In 2019, the California Legislature established the Healthy California for All Commission (HCFA, not to be confused with CMS’s predecessor, the Health Care Financing Administration). The commission’s charge was to “develop a plan that includes options for advancing progress toward a health care delivery system in California that provides coverage and access through a unified financing system, including, but not limited to, a single-payer financing system, for all Californians.” Among the commissioners was William Hsiao, a Harvard economics professor (emeritus) who in 2010 was engaged by the state of Vermont to develop a single-payer health system. (Vermont’s former Governor, Peter Shumlin, made a presentation to the commission in July of 2021 on the lessons learned from that effort).
The commission began its work early in 2020 and issued its final report this past April. (This author was a member of the commission and supported its recommendations). The current fragmented financing system includes, in addition to employer-sponsored insurance, three federal insurance programs: Medicare, Medicaid, and the ACA Marketplaces. To unify these three funding streams in California, the cooperation of the federal government would obviously be needed. A key issue for the commission was whether the Secretary of HHS has the authority to redirect those funding streams to the state in such a way that they could be integrated into a unified financing system, or whether the state would have to seek legislation from the U.S. Congress.
To help answer that question the commission engaged outside counsel. Their memo, Appendix C of the commission’s final report, reviewed the federal statutes undergirding each of the programs, including section 1115. On that point, they wrote: “While Section 1115 does not allow HHS to alter the standard Medicaid funding structure, it can potentially be used to support a state-based comprehensive health care delivery system in which the State establishes itself as the single Medicaid managed care organization (MCO). Under this scenario, Medi-Cal would pay a capitated amount to the State-based MCO, which is then at-risk for paying providers for services furnished to Medi-Cal beneficiaries.”
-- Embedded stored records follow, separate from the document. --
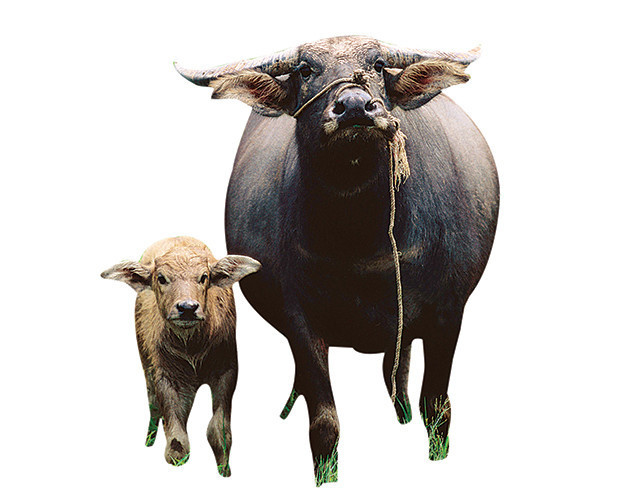 Öldüreni de var, süründüreni de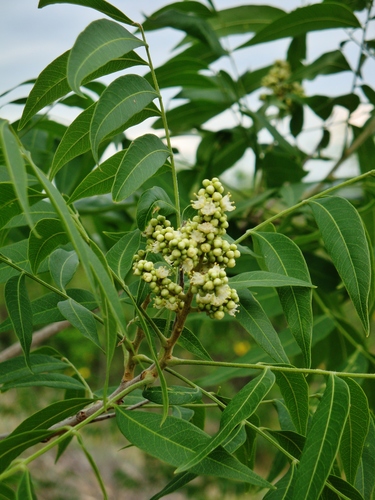 Western Soapberry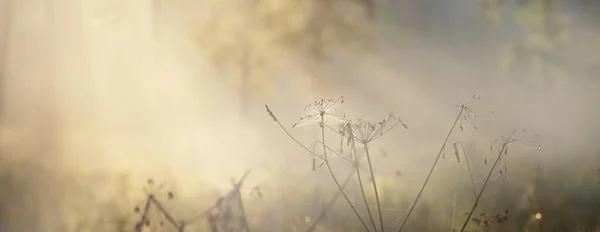 Spindelnät Växter Daggdroppar Morgondimma Vid Soluppgången Närbild Naturligt Mönster Fairy — Stockfoto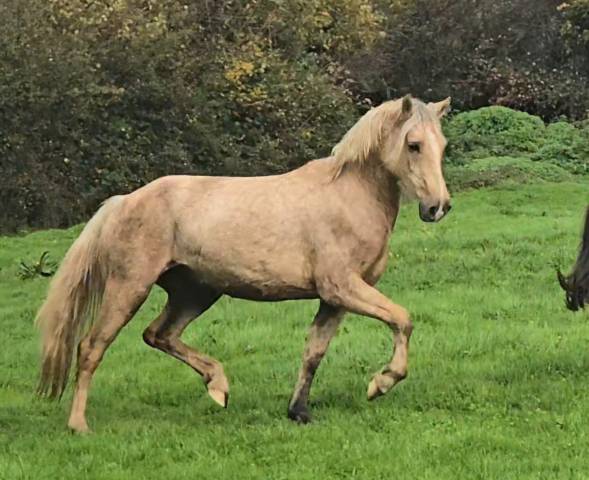 Cavalla Welsh Poney (Sezione D), Welsh Cob  In vendita 2023 Palomino ,  Just a breeze Kiba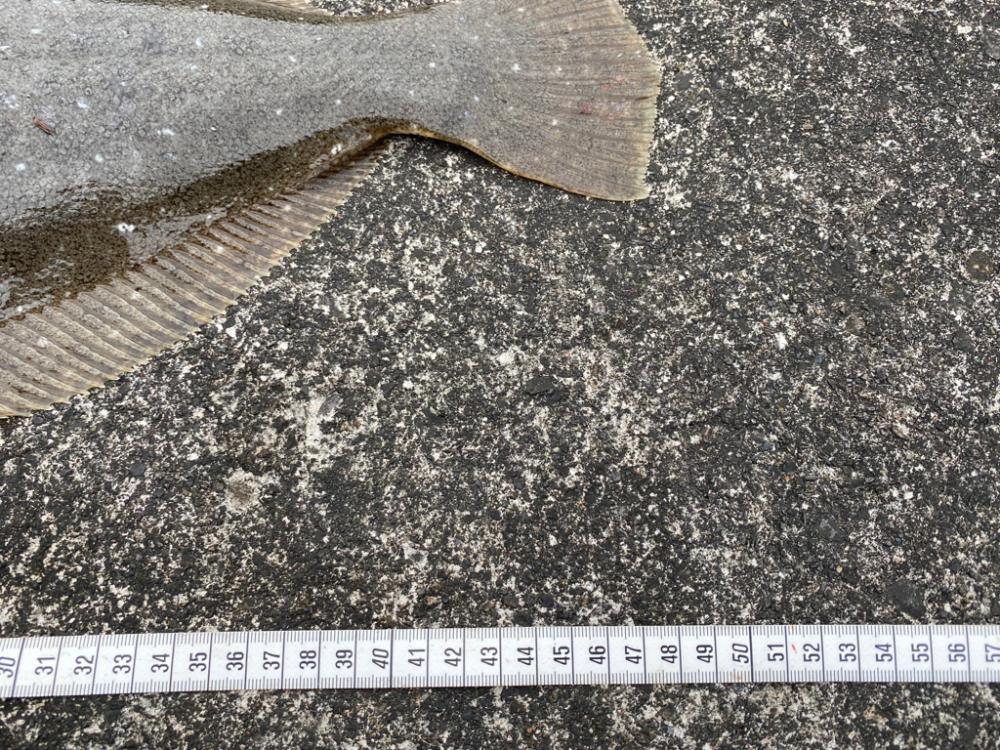 カマスにルアーを合わせてみたら連発！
The emphasis here is on “potentially.” At the time the memo was written, CMS had not made its decision to reject Vermont’s request to convert DVHA into a full-risk MCO. But we now know that CMS—under a progressive management team with clear health equity goals shared by the state of Vermont—will not use section 1115 authority to allow a state to establish itself as a single Medicaid MCO and pay itself on a risk basis. Whether CMS believes it doesn’t have that authority, or whether as a matter of policy it doesn’t want to support a single state-run MCO, even from a state with a strong single-payer track record like Vermont, is an open question.
What is no longer in doubt is that section 1115 is not a single-payer magic wand. In theory, Congress could give the Secretary the authority that would allow a state to unify all three federal funding streams as part of a state-run single-payer system—subject, of course, to a Supreme Court determination of constitutionality. In practice, persuading Congress to enact such legislation would be a high-degree-of-difficulty exercise. Nonetheless, it is on Congress, not the HHS Secretary, where single-payer advocates need to focus their efforts.